[22] Gosip

6.4K 1K 490
                                        

PERBANYAK KOMEN GES BIAR AING TEH SEMANGAT NULISNYA💪

Komen kalian semangatku🙆🏻

HAPPY READING!!🤍🤍

>><<

"Udah selesai, (Name)?"

(Name) yang baru keluar kamar mandi mengangguk. "Udah."

Ia sudah rapi dengan celana training dan kaos partai--bercanda, kaos hitam kebanggaan miliknya.

"Mau turun ke bawah duluan?" Alisa bertanya.
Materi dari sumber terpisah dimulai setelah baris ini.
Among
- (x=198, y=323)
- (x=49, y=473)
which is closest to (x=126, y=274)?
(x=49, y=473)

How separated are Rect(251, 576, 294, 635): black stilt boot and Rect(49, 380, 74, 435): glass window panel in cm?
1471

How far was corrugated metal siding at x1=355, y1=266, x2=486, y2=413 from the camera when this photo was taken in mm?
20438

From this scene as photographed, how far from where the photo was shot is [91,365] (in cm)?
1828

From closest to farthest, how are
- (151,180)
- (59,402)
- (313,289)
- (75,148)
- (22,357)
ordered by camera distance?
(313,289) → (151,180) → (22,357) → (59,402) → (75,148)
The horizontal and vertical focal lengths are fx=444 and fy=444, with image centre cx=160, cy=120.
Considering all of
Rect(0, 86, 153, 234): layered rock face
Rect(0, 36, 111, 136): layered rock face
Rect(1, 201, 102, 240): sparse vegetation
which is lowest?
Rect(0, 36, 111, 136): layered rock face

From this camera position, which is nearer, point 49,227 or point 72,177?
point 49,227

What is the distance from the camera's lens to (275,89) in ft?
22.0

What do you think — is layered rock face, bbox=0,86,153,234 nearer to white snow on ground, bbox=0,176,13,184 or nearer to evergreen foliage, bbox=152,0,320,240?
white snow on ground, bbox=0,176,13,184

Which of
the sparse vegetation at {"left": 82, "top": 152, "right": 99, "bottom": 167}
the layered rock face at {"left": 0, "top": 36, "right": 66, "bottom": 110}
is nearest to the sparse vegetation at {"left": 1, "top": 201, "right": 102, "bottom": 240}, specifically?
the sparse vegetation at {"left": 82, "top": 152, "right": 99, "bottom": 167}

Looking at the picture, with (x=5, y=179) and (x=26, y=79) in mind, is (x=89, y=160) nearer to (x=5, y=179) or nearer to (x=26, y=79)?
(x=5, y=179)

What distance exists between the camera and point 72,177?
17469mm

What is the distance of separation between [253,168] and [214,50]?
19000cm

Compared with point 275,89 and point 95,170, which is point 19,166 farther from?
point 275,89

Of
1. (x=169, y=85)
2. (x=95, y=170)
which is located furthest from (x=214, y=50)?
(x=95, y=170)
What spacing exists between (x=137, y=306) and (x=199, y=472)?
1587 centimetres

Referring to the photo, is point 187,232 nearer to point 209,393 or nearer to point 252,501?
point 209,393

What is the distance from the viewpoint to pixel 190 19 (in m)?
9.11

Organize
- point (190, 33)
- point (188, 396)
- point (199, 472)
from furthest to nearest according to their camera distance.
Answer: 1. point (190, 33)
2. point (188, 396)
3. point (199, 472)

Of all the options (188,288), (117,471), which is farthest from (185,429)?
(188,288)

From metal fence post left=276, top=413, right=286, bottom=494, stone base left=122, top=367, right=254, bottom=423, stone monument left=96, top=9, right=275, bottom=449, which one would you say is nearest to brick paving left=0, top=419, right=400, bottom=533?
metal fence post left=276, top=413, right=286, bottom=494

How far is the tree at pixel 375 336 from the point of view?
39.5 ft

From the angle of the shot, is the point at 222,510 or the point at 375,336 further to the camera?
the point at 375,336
(Name) mengambil ponselnya yang ia letakkan di nakas meja. "Nanti aja. Mau nungguin Mai. Lagian aku juga belum tau dapurnya ada di mana."

"Oke." Alisa menyetujui.

"Alisa, ayo ke bawah!"

Pintu terbuka menampakan sosok dua orang gadis yang berjalan masuk menghampiri Alisa.

"Sebentar!" Alisa menyahut, buru-buru merapikan tempat tidurnya. Matanya bergulir pada (Name) yang menatap pada dua gadis yang memanggilnya tadi.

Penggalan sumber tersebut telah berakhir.